Gołębiowski podkreślił też, że Polska w wielu obszarach energetyki wyprzedza inne państwa UE, m.in. dzięki skutecznemu wdrożeniu rynku mocy, który w części krajów wciąż nie funkcjonuje. Jego zdaniem Polska może być źródłem doświadczeń i dobrych praktyk.

Innowacje warunkiem wzrostu gospodarczego

Nawiązując do świeżo ogłoszonej Nagrody Nobla w dziedzinie ekonomii, Gołębiowski zauważył, że stabilny wzrost gospodarczy nie jest stanem naturalnym, lecz wynikiem splotu sprzyjających okoliczności – przede wszystkim innowacji, inwestycji w naukę, kapitał ludzki, technologie i przemysł o wysokiej wartości dodanej. Wszystkie te obszary – jak podkreślił – wymagają dostępu do taniej, stabilnej energii elektrycznej, co ponownie prowadzi do roli sektora energetycznego.

Zdaniem wiceprezesa Energi, realizacja inwestycji niezbędnych dla rozwoju gospodarczego wymaga ścisłej współpracy administracji, energetyki, przedsiębiorców i sektora finansowego. Kluczowe będzie także stworzenie odpowiednich regulacji umożliwiających mobilizację krajowych i zagranicznych źródeł finansowania. – Musimy podejmować decyzje, które pozwolą spółkom energetycznym funkcjonować w sposób opłacalny, jednocześnie realizując cele polityki energetycznej i bezpieczeństwa gospodarki kraju – podsumował Gołębiowski.
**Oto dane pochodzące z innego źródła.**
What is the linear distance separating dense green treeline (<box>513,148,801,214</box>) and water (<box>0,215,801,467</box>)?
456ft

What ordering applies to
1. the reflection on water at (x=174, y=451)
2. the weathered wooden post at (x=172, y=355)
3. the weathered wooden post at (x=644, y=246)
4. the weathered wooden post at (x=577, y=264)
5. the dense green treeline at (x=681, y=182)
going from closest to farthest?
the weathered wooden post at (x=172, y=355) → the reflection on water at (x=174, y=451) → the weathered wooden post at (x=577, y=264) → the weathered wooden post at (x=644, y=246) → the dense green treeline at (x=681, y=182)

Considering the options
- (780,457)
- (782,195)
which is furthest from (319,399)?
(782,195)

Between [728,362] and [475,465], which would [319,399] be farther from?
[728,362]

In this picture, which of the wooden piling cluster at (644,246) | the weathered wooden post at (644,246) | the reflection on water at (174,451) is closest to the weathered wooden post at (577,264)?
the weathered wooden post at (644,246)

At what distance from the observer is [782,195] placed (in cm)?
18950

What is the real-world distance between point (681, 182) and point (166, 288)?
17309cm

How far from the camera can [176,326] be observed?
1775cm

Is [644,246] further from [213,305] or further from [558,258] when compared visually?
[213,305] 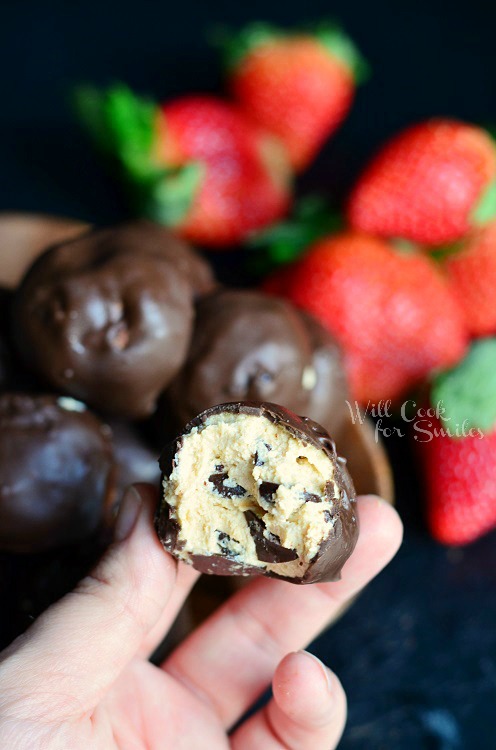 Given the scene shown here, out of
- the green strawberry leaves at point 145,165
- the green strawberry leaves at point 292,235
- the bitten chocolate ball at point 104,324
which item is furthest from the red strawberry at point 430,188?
the bitten chocolate ball at point 104,324

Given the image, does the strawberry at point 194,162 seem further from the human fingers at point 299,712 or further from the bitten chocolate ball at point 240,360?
the human fingers at point 299,712

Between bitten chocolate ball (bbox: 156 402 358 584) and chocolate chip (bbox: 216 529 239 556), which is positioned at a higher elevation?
bitten chocolate ball (bbox: 156 402 358 584)

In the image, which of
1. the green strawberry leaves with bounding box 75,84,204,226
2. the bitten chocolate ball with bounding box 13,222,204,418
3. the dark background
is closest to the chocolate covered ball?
the green strawberry leaves with bounding box 75,84,204,226

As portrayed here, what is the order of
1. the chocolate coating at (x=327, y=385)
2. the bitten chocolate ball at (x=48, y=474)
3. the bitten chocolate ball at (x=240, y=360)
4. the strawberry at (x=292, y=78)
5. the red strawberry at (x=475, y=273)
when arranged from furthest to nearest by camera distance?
the strawberry at (x=292, y=78)
the red strawberry at (x=475, y=273)
the chocolate coating at (x=327, y=385)
the bitten chocolate ball at (x=240, y=360)
the bitten chocolate ball at (x=48, y=474)

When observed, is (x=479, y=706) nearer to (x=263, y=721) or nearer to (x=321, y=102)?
(x=263, y=721)

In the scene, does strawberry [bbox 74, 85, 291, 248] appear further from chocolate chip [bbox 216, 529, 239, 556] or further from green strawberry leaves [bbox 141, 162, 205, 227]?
chocolate chip [bbox 216, 529, 239, 556]

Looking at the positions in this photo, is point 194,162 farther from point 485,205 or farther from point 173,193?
point 485,205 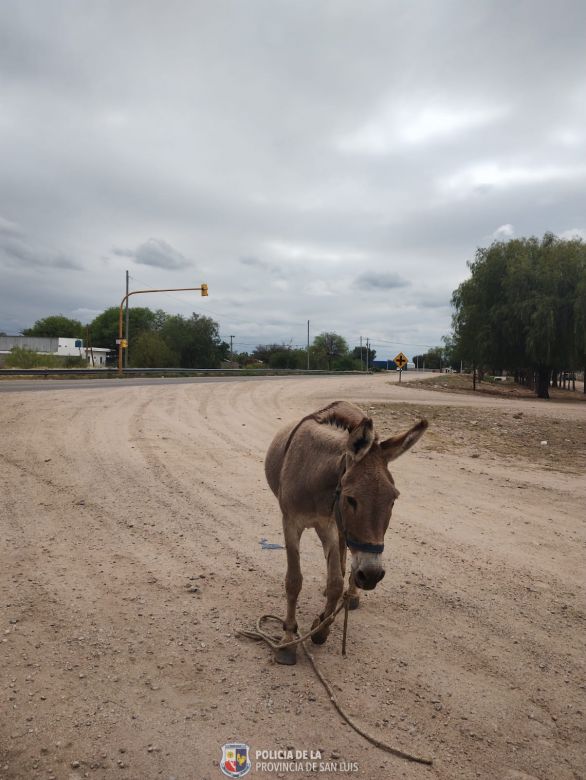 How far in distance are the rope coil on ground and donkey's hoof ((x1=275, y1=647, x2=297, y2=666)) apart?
5cm

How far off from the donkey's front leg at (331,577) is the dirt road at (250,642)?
0.17 metres

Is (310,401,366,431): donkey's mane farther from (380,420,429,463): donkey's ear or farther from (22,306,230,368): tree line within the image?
(22,306,230,368): tree line

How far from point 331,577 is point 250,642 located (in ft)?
2.93

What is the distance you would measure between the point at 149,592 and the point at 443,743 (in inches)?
111

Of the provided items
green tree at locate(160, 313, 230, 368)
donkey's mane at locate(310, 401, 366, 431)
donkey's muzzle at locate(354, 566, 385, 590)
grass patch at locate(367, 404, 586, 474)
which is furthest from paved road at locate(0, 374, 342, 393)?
green tree at locate(160, 313, 230, 368)

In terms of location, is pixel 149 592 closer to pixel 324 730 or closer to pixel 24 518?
pixel 324 730

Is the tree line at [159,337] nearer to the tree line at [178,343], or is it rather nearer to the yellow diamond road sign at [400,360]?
Result: the tree line at [178,343]

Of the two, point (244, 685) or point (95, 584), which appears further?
point (95, 584)

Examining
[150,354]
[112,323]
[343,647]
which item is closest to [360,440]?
[343,647]

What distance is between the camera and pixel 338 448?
339 cm

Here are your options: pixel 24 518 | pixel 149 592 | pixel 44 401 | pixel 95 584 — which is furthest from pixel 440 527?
pixel 44 401

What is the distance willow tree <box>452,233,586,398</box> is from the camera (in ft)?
95.7

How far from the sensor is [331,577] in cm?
369

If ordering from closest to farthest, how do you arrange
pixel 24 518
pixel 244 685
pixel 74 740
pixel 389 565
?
1. pixel 74 740
2. pixel 244 685
3. pixel 389 565
4. pixel 24 518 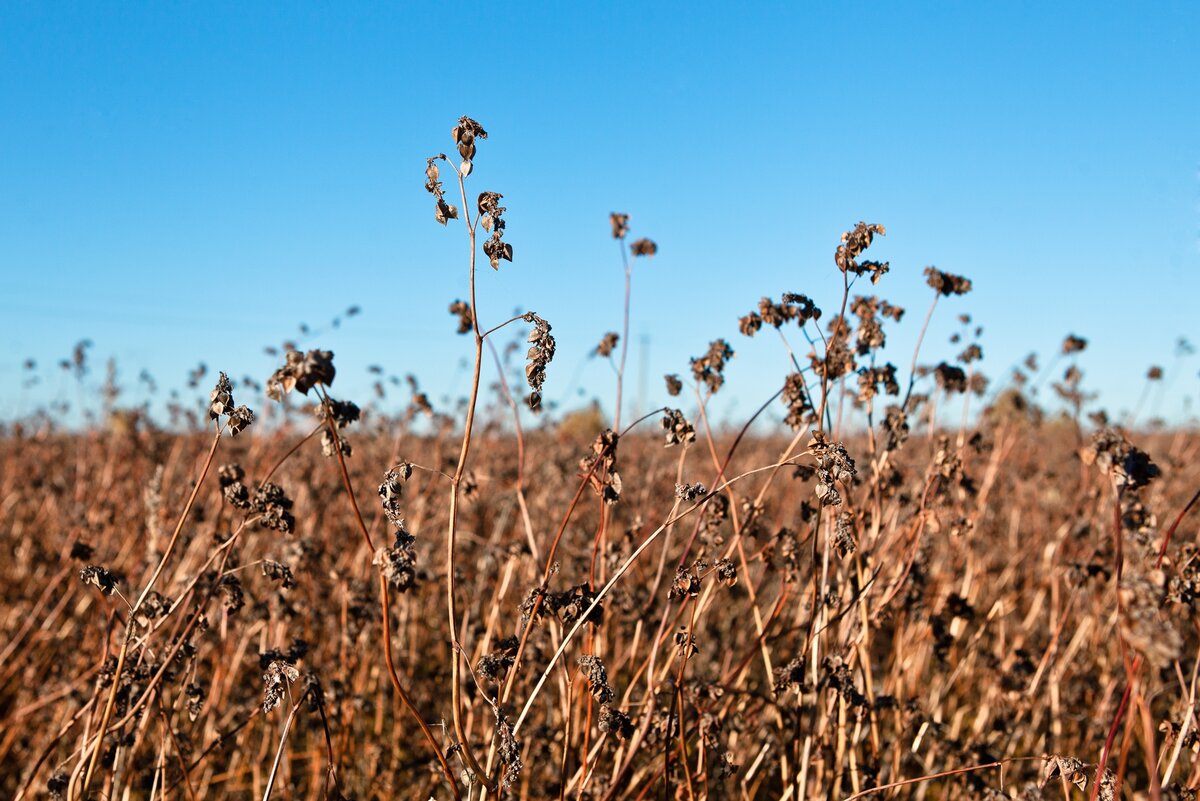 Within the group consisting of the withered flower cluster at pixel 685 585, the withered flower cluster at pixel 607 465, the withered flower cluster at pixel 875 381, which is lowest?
the withered flower cluster at pixel 685 585

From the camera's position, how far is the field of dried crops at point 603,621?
1.79 metres

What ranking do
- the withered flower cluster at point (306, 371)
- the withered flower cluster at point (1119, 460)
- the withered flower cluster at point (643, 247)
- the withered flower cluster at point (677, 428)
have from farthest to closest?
the withered flower cluster at point (643, 247) → the withered flower cluster at point (677, 428) → the withered flower cluster at point (1119, 460) → the withered flower cluster at point (306, 371)

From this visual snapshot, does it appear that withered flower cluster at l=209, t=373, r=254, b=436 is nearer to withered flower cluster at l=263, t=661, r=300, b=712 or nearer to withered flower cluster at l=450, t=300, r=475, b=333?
withered flower cluster at l=263, t=661, r=300, b=712

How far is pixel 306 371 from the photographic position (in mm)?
1333

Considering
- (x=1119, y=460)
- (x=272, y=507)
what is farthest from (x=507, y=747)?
(x=1119, y=460)

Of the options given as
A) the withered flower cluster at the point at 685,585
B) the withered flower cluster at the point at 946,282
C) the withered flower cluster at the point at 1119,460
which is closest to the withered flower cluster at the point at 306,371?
the withered flower cluster at the point at 685,585

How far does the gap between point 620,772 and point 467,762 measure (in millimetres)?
572

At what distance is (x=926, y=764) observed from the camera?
3.05 meters

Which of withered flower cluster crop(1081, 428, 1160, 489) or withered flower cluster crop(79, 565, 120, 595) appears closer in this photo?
withered flower cluster crop(79, 565, 120, 595)

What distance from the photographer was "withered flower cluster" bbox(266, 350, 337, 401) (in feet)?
4.38

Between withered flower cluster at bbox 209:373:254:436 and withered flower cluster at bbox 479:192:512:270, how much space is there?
0.55m

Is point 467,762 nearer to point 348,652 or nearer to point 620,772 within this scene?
point 620,772

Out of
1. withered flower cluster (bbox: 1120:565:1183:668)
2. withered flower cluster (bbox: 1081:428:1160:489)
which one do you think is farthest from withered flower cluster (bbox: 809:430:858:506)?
withered flower cluster (bbox: 1081:428:1160:489)

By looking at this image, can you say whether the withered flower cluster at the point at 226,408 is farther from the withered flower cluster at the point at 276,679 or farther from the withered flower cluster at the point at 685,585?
the withered flower cluster at the point at 685,585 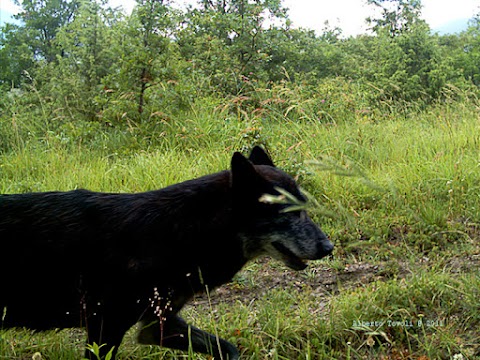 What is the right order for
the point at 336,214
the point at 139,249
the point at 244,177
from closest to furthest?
the point at 336,214, the point at 139,249, the point at 244,177

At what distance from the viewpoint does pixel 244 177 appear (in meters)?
2.62

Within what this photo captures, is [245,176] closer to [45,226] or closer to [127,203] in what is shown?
[127,203]

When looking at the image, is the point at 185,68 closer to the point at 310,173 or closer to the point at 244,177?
the point at 310,173

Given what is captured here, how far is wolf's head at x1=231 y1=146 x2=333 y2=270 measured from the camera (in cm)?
265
W dyskusji pod tytułem “Polska w poszukiwaniu nowych silników wzrostu”, obok wiceprezesa Energi Michała Gołębiowskiego, udział wzięli także minister energii Miłosz Motyka, prezes zarządu Polskiej Grupy Energetycznej Dariusz Marzec, rektor Szkoły Głównej Handlowej w Warszawie prof. Piotr Wachowiak, prezes zarządu PZU Zdrowie Jan Zimowicz i wiceprezes zarządu Polskiego Funduszu Rozwoju ds. Finansów i rozwoju Mariusz Jaszczyk. Debata moderowana była przez Elżbietę Czetwertyńską, prezes zarządu Citi Handlowy.